§ What needs to be done
Although the data below holds other lines too, output only those from the line with "Adidas Womens Gamecourt" up to and including the line with "Invitation Mariage musical rétro", exactly as they appear.

Short descriptive text snippets:
■ ■ ■

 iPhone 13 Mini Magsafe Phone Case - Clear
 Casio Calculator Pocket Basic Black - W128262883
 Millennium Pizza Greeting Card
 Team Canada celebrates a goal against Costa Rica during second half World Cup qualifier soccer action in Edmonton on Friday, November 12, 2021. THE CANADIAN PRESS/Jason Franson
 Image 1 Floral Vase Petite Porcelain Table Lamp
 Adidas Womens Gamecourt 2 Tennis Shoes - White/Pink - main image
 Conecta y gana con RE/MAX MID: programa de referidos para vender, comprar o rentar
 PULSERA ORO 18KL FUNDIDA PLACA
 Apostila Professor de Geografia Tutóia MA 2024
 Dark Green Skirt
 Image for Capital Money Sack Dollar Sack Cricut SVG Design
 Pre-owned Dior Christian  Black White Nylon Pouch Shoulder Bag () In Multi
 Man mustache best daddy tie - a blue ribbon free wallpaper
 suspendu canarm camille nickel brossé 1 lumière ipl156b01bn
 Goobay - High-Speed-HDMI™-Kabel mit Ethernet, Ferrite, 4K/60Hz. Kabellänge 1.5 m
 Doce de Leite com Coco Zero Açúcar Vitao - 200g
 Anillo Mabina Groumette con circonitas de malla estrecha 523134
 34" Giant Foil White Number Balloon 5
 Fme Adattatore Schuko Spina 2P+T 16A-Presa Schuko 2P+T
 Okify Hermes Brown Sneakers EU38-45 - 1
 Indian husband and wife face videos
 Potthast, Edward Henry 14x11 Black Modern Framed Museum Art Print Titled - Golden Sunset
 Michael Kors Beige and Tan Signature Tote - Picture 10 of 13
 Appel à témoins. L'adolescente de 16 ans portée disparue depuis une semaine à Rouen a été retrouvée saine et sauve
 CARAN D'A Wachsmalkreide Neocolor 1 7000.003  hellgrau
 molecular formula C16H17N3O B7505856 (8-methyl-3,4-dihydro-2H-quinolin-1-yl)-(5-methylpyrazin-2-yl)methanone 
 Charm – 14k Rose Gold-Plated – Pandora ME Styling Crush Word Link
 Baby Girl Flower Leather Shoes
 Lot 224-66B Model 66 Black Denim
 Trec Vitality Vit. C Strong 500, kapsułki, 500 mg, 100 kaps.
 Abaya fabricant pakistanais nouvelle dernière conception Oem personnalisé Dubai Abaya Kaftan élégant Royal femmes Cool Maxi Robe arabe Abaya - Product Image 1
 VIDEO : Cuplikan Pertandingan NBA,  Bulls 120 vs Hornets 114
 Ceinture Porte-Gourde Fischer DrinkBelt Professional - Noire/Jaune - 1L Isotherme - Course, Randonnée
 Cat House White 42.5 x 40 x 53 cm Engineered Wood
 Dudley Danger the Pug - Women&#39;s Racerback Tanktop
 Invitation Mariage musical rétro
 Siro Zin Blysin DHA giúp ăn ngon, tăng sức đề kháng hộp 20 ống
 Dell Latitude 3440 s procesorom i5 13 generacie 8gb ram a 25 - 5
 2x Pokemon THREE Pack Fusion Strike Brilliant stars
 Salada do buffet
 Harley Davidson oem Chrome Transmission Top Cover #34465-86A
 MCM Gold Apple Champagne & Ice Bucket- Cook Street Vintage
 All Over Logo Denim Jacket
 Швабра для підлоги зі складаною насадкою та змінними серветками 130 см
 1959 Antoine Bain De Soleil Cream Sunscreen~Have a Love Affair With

■ ■ ■

§ Output for this task
 Adidas Womens Gamecourt 2 Tennis Shoes - White/Pink - main image
 Conecta y gana con RE/MAX MID: programa de referidos para vender, comprar o rentar
 PULSERA ORO 18KL FUNDIDA PLACA
 Apostila Professor de Geografia Tutóia MA 2024
 Dark Green Skirt
 Image for Capital Money Sack Dollar Sack Cricut SVG Design
 Pre-owned Dior Christian  Black White Nylon Pouch Shoulder Bag () In Multi
 Man mustache best daddy tie - a blue ribbon free wallpaper
 suspendu canarm camille nickel brossé 1 lumière ipl156b01bn
 Goobay - High-Speed-HDMI™-Kabel mit Ethernet, Ferrite, 4K/60Hz. Kabellänge 1.5 m
 Doce de Leite com Coco Zero Açúcar Vitao - 200g
 Anillo Mabina Groumette con circonitas de malla estrecha 523134
 34" Giant Foil White Number Balloon 5
 Fme Adattatore Schuko Spina 2P+T 16A-Presa Schuko 2P+T
 Okify Hermes Brown Sneakers EU38-45 - 1
 Indian husband and wife face videos
 Potthast, Edward Henry 14x11 Black Modern Framed Museum Art Print Titled - Golden Sunset
 Michael Kors Beige and Tan Signature Tote - Picture 10 of 13
 Appel à témoins. L'adolescente de 16 ans portée disparue depuis une semaine à Rouen a été retrouvée saine et sauve
 CARAN D'A Wachsmalkreide Neocolor 1 7000.003  hellgrau
 molecular formula C16H17N3O B7505856 (8-methyl-3,4-dihydro-2H-quinolin-1-yl)-(5-methylpyrazin-2-yl)methanone 
 Charm – 14k Rose Gold-Plated – Pandora ME Styling Crush Word Link
 Baby Girl Flower Leather Shoes
 Lot 224-66B Model 66 Black Denim
 Trec Vitality Vit. C Strong 500, kapsułki, 500 mg, 100 kaps.
 Abaya fabricant pakistanais nouvelle dernière conception Oem personnalisé Dubai Abaya Kaftan élégant Royal femmes Cool Maxi Robe arabe Abaya - Product Image 1
 VIDEO : Cuplikan Pertandingan NBA,  Bulls 120 vs Hornets 114
 Ceinture Porte-Gourde Fischer DrinkBelt Professional - Noire/Jaune - 1L Isotherme - Course, Randonnée
 Cat House White 42.5 x 40 x 53 cm Engineered Wood
 Dudley Danger the Pug - Women&#39;s Racerback Tanktop
 Invitation Mariage musical rétro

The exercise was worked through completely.